• _Required work_
Once you find the line with "Aerial view of a" in the data that follows, repeat it and every line after it exactly, through the line with "Crossbody Veske 👜".

• _Supplied data_
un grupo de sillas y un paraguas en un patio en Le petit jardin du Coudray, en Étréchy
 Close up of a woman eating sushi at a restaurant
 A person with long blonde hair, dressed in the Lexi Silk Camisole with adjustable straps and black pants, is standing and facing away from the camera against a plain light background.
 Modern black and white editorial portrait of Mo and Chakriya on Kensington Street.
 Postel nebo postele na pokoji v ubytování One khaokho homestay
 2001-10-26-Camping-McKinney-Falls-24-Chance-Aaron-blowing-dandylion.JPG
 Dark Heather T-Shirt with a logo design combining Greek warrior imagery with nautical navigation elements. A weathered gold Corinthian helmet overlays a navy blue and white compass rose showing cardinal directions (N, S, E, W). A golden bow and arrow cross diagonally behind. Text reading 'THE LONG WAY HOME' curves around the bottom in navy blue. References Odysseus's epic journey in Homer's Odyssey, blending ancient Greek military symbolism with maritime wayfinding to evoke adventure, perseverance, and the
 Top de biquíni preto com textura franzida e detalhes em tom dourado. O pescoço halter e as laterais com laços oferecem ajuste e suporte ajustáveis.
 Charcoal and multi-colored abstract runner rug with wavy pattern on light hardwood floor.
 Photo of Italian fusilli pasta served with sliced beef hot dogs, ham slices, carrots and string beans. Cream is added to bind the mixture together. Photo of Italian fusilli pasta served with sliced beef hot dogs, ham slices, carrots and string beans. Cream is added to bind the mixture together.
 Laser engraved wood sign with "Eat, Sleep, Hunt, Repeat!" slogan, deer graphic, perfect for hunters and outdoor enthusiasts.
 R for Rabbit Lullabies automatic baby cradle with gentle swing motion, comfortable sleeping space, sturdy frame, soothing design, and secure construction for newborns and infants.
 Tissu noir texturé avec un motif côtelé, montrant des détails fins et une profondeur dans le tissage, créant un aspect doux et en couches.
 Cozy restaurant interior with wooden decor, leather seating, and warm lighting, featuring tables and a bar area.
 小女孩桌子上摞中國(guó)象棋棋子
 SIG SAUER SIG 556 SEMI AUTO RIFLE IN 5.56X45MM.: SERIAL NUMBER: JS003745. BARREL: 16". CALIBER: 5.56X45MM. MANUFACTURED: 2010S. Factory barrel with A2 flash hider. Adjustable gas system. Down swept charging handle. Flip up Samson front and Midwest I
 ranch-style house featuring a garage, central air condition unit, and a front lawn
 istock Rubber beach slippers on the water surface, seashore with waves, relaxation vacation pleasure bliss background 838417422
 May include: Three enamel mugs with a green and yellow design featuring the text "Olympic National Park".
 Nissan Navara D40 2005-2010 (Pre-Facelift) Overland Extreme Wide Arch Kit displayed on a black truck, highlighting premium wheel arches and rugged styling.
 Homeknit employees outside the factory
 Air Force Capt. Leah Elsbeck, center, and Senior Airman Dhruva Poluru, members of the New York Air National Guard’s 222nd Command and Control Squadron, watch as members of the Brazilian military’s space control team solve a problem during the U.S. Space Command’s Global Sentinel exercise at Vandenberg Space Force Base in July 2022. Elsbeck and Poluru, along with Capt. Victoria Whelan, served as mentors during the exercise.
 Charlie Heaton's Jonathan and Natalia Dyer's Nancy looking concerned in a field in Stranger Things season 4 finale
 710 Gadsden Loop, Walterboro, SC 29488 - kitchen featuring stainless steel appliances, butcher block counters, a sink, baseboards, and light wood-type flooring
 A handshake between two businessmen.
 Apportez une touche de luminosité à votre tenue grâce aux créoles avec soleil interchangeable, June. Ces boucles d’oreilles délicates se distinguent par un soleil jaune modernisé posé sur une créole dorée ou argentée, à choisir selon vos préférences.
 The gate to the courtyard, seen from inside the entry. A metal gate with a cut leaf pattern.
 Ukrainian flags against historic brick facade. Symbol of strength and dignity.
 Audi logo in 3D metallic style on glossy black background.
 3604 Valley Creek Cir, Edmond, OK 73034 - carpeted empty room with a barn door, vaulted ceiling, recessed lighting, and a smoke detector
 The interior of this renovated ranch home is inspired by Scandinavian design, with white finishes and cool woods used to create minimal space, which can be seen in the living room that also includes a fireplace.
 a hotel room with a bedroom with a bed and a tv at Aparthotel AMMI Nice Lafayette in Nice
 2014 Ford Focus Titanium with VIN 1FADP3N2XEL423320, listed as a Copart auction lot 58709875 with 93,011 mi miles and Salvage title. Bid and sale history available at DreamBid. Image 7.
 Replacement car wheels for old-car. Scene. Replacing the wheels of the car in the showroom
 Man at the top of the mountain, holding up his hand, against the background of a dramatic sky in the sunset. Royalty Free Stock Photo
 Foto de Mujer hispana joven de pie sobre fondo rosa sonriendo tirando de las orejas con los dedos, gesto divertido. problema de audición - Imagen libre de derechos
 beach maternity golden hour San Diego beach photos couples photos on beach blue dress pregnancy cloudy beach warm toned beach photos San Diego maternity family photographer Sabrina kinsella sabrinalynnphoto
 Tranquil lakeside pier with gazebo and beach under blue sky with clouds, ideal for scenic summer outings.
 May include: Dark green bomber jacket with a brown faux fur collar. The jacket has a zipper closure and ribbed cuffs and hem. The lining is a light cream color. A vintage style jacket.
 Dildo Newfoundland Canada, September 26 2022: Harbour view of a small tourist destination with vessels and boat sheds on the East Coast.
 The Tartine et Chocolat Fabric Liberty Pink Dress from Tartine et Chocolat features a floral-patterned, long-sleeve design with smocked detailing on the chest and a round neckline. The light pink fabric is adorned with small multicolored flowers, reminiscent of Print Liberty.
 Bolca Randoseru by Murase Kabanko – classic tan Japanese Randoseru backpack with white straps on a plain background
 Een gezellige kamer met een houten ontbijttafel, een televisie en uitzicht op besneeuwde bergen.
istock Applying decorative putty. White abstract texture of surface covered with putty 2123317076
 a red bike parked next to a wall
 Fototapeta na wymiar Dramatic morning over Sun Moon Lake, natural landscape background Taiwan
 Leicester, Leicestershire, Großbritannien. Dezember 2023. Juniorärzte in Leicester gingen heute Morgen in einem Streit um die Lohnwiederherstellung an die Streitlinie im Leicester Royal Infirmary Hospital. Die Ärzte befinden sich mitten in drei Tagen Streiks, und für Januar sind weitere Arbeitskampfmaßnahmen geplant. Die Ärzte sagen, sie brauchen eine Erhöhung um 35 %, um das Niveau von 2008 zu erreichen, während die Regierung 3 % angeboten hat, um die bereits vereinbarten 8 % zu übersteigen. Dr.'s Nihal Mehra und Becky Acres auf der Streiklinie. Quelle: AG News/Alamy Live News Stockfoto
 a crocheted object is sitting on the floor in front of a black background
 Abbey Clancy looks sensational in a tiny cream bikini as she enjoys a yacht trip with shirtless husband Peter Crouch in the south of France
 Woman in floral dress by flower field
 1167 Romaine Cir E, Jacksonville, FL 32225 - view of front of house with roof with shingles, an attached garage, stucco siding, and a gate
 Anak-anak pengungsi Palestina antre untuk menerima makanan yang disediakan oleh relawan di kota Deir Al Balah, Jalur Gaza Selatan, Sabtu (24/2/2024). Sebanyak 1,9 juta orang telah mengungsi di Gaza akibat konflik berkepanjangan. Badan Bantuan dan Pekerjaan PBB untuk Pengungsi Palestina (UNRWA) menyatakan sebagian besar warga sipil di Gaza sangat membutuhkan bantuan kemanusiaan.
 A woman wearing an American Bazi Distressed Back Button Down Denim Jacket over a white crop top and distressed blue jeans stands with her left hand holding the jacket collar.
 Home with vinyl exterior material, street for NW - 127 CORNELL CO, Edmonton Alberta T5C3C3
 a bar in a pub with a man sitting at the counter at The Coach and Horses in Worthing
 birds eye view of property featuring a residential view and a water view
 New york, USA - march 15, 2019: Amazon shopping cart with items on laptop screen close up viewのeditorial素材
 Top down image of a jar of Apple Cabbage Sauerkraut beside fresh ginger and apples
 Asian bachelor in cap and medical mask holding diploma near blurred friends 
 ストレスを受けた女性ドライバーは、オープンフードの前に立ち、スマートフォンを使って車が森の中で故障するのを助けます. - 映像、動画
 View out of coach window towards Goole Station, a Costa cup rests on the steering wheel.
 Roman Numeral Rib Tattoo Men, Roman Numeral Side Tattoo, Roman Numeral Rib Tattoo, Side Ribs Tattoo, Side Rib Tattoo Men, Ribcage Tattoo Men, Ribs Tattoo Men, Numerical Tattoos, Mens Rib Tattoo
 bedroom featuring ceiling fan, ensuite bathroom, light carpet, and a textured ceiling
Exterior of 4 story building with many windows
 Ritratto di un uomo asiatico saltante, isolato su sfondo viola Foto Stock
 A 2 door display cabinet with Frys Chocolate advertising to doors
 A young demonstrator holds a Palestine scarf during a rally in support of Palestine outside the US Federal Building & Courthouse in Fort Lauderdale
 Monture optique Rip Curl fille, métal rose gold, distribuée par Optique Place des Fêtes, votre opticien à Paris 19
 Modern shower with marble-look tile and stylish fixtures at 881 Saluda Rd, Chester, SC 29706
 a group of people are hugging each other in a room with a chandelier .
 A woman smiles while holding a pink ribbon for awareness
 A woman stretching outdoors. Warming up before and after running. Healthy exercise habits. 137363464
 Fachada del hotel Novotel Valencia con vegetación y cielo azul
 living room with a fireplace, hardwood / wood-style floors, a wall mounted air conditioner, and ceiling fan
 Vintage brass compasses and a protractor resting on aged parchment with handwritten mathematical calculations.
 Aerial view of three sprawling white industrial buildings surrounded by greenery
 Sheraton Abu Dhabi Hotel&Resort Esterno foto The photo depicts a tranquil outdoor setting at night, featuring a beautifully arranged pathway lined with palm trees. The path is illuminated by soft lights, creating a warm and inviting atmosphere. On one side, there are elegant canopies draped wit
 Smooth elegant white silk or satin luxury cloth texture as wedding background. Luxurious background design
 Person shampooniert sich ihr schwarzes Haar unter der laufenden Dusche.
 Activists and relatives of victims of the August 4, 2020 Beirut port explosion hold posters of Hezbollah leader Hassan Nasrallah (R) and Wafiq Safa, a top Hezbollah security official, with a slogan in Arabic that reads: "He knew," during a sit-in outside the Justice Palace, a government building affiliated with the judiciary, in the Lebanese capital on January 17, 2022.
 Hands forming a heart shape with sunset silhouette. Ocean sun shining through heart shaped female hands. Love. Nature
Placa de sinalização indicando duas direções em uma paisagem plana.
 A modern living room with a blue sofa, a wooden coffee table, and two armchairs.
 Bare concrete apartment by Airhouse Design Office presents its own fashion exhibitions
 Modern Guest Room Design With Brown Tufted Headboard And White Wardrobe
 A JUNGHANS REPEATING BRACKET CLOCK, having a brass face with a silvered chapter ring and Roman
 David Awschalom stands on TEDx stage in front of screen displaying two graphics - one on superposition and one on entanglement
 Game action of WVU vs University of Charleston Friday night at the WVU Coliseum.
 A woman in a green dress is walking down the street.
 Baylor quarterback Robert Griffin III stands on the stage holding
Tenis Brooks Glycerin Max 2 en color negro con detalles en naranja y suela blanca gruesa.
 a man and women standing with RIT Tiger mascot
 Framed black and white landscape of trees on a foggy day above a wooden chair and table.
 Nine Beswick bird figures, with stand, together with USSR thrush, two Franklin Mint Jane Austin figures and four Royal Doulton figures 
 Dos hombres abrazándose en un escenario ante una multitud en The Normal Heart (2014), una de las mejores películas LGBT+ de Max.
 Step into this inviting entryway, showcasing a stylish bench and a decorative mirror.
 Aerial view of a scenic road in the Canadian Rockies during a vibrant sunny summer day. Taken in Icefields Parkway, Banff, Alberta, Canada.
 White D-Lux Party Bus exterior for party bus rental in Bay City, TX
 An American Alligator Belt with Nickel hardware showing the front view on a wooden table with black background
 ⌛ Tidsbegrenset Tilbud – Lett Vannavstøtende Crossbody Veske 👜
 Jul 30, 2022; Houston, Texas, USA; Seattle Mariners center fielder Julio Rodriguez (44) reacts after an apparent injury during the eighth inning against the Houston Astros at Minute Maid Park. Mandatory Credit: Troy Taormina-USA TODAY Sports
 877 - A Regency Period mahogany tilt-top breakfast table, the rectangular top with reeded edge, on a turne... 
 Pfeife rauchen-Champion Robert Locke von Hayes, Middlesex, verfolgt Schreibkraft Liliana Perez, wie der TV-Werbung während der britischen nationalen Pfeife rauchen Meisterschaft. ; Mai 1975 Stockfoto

• _Answer below_
 Aerial view of a scenic road in the Canadian Rockies during a vibrant sunny summer day. Taken in Icefields Parkway, Banff, Alberta, Canada.
 White D-Lux Party Bus exterior for party bus rental in Bay City, TX
 An American Alligator Belt with Nickel hardware showing the front view on a wooden table with black background
 ⌛ Tidsbegrenset Tilbud – Lett Vannavstøtende Crossbody Veske 👜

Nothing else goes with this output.